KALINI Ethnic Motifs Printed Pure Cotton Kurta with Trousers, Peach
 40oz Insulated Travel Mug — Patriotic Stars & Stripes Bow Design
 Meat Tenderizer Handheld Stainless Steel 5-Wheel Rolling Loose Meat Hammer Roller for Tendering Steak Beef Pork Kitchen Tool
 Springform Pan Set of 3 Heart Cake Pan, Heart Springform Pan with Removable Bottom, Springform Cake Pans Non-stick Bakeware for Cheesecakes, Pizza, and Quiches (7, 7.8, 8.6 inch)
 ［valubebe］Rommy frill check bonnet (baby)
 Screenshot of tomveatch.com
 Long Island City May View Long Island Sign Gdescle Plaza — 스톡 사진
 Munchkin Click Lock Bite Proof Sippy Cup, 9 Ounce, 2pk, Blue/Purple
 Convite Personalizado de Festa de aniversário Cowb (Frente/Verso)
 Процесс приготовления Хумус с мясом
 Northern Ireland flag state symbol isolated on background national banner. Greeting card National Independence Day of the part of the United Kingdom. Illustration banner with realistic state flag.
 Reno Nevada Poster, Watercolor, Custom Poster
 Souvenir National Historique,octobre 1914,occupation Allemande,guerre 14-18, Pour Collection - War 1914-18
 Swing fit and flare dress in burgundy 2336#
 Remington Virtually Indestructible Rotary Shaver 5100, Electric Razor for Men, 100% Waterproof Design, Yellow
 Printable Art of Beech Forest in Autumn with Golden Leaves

## Exercise objective
Reproduce, exactly as they stand in the data above, the lines from the one that holds "Convite Personalizado de" to the one that holds "Swing fit and flare dress in burgundy 2336#", inclusive.

## Response to this exercise
 Convite Personalizado de Festa de aniversário Cowb (Frente/Verso)
 Процесс приготовления Хумус с мясом
 Northern Ireland flag state symbol isolated on background national banner. Greeting card National Independence Day of the part of the United Kingdom. Illustration banner with realistic state flag.
 Reno Nevada Poster, Watercolor, Custom Poster
 Souvenir National Historique,octobre 1914,occupation Allemande,guerre 14-18, Pour Collection - War 1914-18
 Swing fit and flare dress in burgundy 2336#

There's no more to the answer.